Salt Crystal Experiment

Early in the salt crystal experiment.

Early in the salt crystal experiment

Ever since I was a little girl, I loved rocks and crystals of all sorts.   So I was happy when my mom and I started a salt crystal experiment. We got this recipe from Science Arts, a book recommended in our curriculum. The author apparently did not try her experiment because she said that it would be done in a maximum of three days. It took at least a month. I’ve given you some pictures over the stages of progression.

The salt is creeping out onto the pencil.

The salt is creeping out onto the pencil.

During the time it took for the crystals to form, I actually learned a lot! If part of your project is not immersed in water, big, bulky blobs of salt crystals will migrate up and make themselves at home on your pipe cleaner, and pencil. The migrating salt crystals, which look like warts that are squashed together, are different from the ones in water, which are small, graceful, and are in the thousands.

The top of the pipe cleaner and the pencil are encrusted with salt.

The top of the pipe cleaner and the pencil are encrusted with salt.

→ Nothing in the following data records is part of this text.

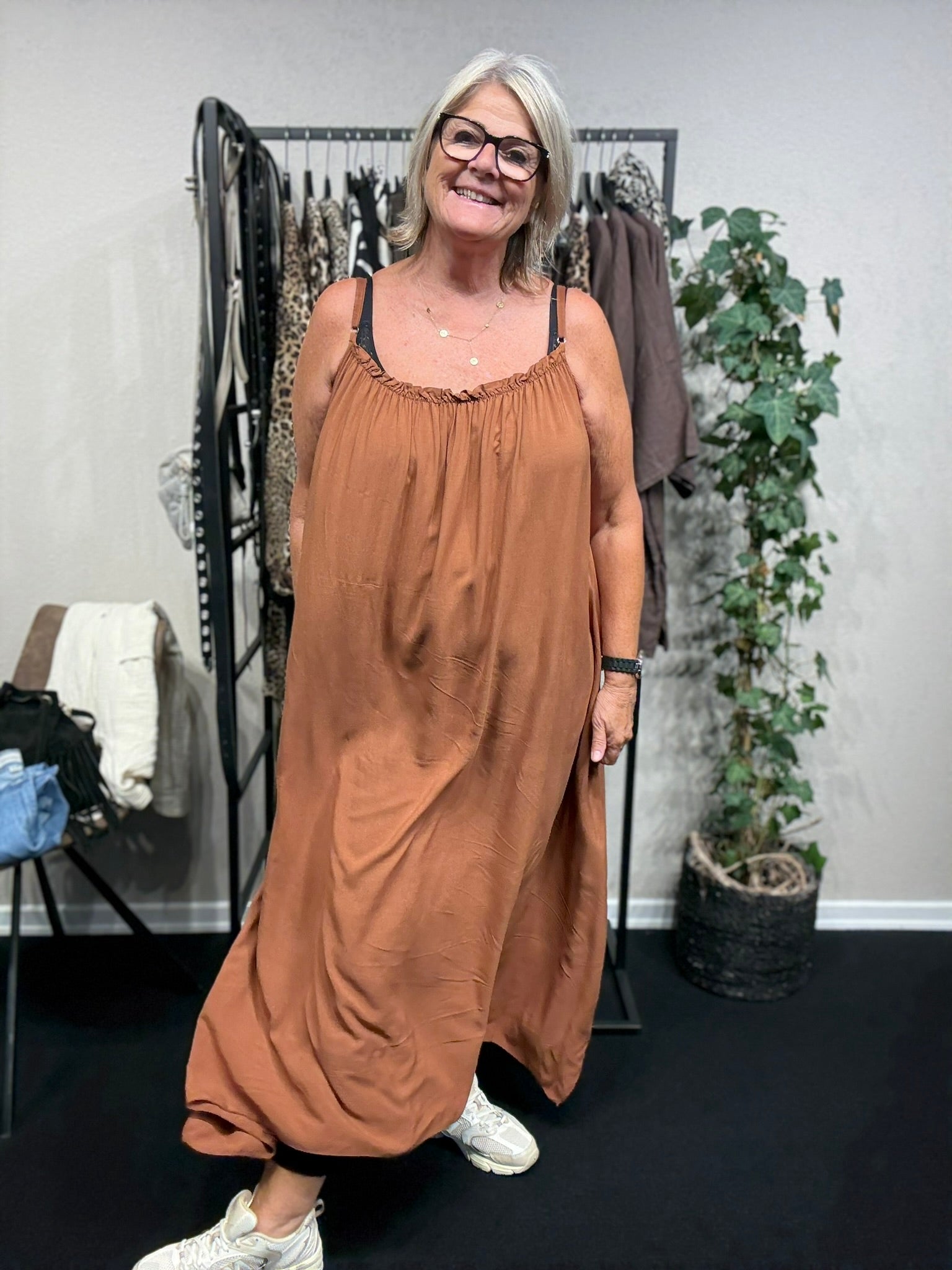 Stropkjole i rust med regulær bar stropper lang og i 100% viskose plussize fra Sigensgaard.dk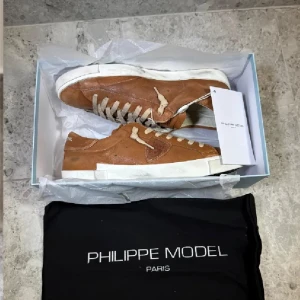 HELT NYA Philippe model  - HELT NYA Philippe Model skor || Storlek 41 || Mitt pris 1599kr || tveka inte på att höra av dig vid frågor eller funderingar 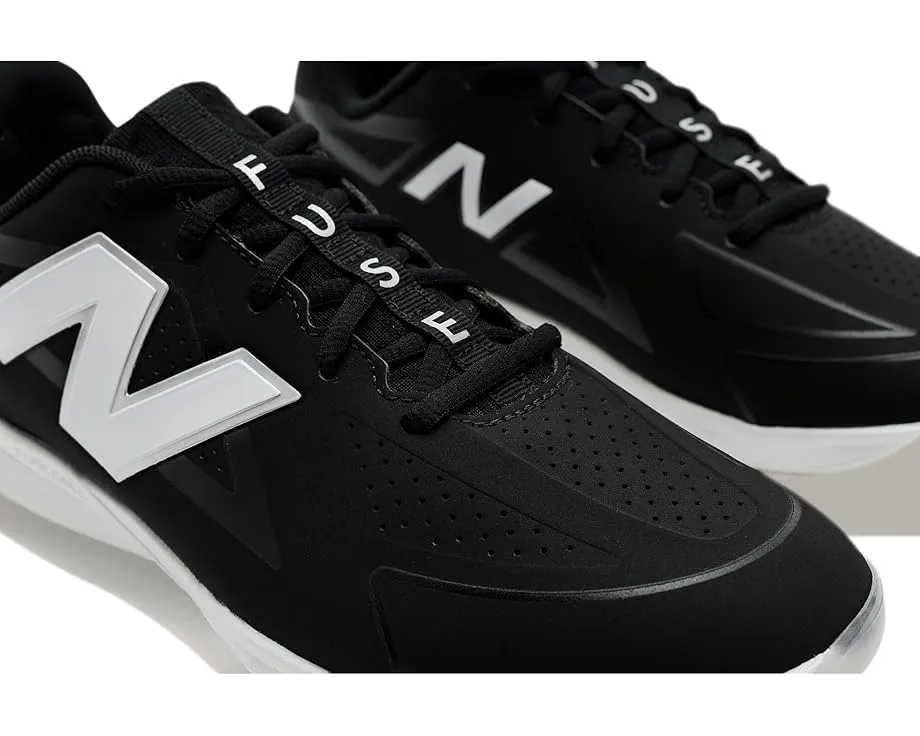 Софтбольные бутсы New Balance Fuse V5 Molded с литой подошвой для игры на любом покрытии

The fact that the author didn’t try the experiment makes her unreliable.  An alternative to this experiment is to use borax which will grow over your pipe cleaner in less than 24 hours. I am always impatient which is not useful in life. So all you have to do for fast growing borax crystals is go to www.thediscovery.org, where you will find instructions.

The liquid is now lower than the pipe cleaner.  The experiment is over.

The liquid is now lower than the pipe cleaner. The experiment is over.

Personally I think the experiment was interesting, but I wouldn’t recommend it, because it takes a long time and it’s not that beautiful. If you want fast growing crystals, try borax not salt.